Hello and welcome to What Are You Reading? To see what the Robot 6 crew -- or at least two of us -- has been reading lately, click below.

Tom Bondurant

I know I just talked about Marvel's Battlestar Galactica very recently in this space, but I did want to mention a pair of standout issues late in the run. For better and worse, the comic separated itself from the TV show fairly early. This meant it never dealt with elements of the show like the Pegasus or the Ship of Lights. The comic also continued well past the show's cancellation. However, for much of its run it maintained one of two ongoing subplots. First, it put Adama in a memory-enhancing chamber which was promptly sabotaged, thereby allowing him to remember a few issues' worth of old adventures. Second, it shipped Starbuck off to another patchwork fleet called Scavenge World, where he was completely off the book's radar. Starbuck's return happened in issues #19 and #20 (September and October 1980), which were written and pencilled by Walt Simonson and inked by Klaus Janson. These are fun comics, and Simonson clearly had a blast putting them together. For one thing, he opens up the layouts considerably, giving them a playful quality which underlies the jaunty spirit of the occasion. His likenesses are also spot on, especially Starbuck and his ever-present cigar. Same goes for the ships and sets, but his original designs (like Starbuck's ship, a Galactica "shuttlescout," and Scavenge World's fightercraft) both fit with the established aesthetic and expand on it. The plot is pretty straightforward -- Starbuck only left Galactica in exchange for Scavenge World's empress healing Adama, so when he gets bored, he finagles the parts to repair an old starship -- and the endpoint is easy to see, but the point is to spend time with Starbuck, and this Simonson accomplishes nicely. Plus he gets some good comic relief out of Boxey, which is pretty impressive.
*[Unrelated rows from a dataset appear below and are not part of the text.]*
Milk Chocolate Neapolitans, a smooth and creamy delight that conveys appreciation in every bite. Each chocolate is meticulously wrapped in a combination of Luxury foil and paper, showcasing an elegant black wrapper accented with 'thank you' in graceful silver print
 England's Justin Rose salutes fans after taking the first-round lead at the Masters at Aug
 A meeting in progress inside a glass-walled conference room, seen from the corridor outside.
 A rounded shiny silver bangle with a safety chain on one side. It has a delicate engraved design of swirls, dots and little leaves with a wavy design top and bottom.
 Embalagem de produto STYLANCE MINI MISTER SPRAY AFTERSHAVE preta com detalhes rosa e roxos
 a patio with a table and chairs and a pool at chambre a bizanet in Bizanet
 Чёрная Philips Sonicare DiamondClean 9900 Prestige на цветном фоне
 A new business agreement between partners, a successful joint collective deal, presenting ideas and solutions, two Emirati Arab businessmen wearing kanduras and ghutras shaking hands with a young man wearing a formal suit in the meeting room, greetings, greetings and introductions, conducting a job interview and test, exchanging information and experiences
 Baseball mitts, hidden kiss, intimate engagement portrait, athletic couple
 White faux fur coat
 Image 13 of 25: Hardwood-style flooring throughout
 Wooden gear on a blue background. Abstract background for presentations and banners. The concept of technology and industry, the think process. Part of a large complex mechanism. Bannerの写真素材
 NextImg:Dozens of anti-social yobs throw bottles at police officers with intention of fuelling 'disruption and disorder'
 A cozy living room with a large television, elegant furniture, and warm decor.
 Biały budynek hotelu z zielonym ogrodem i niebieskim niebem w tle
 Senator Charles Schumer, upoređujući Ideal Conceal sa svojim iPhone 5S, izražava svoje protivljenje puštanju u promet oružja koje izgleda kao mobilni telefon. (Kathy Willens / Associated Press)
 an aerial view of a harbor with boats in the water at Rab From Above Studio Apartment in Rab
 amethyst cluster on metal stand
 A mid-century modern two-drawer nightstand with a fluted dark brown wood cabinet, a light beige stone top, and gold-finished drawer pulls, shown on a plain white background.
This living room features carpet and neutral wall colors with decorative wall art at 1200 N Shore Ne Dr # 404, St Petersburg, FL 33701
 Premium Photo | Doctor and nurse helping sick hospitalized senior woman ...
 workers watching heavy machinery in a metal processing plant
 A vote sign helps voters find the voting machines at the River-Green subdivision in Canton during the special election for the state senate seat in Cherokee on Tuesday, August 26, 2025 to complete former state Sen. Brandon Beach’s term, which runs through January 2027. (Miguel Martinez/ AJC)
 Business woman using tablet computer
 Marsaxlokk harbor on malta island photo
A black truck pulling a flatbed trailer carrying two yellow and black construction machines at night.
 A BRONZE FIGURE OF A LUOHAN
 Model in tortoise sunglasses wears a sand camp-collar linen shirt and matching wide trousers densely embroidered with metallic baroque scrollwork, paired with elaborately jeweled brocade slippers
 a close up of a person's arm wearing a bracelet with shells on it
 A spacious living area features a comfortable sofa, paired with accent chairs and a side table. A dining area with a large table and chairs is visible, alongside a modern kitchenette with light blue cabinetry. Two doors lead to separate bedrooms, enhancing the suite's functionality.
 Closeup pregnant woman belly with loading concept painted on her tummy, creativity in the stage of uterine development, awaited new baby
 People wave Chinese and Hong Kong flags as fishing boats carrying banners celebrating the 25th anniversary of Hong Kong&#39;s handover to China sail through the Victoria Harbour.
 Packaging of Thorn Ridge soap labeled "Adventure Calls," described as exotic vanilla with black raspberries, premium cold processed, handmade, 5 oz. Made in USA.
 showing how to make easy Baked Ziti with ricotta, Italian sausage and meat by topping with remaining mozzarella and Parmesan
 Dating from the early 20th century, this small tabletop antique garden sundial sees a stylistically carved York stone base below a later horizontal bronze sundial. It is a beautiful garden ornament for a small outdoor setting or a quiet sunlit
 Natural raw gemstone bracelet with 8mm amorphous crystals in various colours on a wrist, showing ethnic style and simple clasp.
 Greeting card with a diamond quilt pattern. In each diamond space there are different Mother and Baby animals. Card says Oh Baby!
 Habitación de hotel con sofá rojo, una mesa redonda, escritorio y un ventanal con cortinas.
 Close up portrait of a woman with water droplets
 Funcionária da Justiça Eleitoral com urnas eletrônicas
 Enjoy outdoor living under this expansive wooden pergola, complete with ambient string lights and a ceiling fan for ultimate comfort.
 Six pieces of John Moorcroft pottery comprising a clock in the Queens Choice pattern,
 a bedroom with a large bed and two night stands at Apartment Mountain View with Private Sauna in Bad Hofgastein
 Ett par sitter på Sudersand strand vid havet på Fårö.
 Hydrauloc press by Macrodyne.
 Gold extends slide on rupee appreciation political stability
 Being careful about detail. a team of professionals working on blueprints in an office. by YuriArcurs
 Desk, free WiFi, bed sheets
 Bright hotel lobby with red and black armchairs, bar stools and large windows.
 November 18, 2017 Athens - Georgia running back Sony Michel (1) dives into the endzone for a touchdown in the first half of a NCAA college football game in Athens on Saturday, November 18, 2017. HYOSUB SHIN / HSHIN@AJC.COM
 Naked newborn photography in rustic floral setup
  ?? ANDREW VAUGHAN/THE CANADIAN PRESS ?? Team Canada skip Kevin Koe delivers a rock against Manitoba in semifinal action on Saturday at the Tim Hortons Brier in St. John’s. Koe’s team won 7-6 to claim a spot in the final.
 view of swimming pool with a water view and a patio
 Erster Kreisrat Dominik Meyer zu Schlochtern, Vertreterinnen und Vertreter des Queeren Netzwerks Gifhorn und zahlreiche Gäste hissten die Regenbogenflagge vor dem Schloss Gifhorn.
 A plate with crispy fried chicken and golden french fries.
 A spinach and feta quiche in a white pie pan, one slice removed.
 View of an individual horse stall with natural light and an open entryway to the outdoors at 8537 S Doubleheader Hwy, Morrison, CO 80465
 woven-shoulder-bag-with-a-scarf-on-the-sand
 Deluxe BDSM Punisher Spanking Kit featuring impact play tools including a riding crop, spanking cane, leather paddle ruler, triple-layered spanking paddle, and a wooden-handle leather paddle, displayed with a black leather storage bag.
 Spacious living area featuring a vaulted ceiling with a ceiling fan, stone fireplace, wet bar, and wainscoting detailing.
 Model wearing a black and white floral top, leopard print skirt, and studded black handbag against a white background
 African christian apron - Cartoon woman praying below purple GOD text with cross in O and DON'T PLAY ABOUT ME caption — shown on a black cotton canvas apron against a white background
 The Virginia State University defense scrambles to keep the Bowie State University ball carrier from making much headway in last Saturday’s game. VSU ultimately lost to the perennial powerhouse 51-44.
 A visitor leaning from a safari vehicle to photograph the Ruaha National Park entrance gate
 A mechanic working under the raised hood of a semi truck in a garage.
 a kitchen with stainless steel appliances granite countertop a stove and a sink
The first non-Geoff Johns issue of Green Lantern (#21) since George W. Bush's first term came out this week, written by Robert Venditti, pencilled by Billy Tan, and inked by Richard Friend. There's a lot going on, from the "we are so dead" opening flash-forward to subplots with Carol Ferris and a GL in love with a criminal, but it doesn't feel as busy as one of Johns' issues. Tan and Friend's work is fine, if a little modest compared to some of this title's previous art teams, but it gets the job done. By putting Hal Jordan in charge of the Corps while the new Guardians grow into their roles, Venditti seems to be playing with the concept's core components as Johns did -- but he's dealing with the nuts and bolts of being a Green Lantern, not the philosophical underpinnings of the Emotional Spectrum. It's like the new creative team is taking a deep breath, surveying the landscape, and figuring out what to do next. I like that attitude, and I'm looking forward to more.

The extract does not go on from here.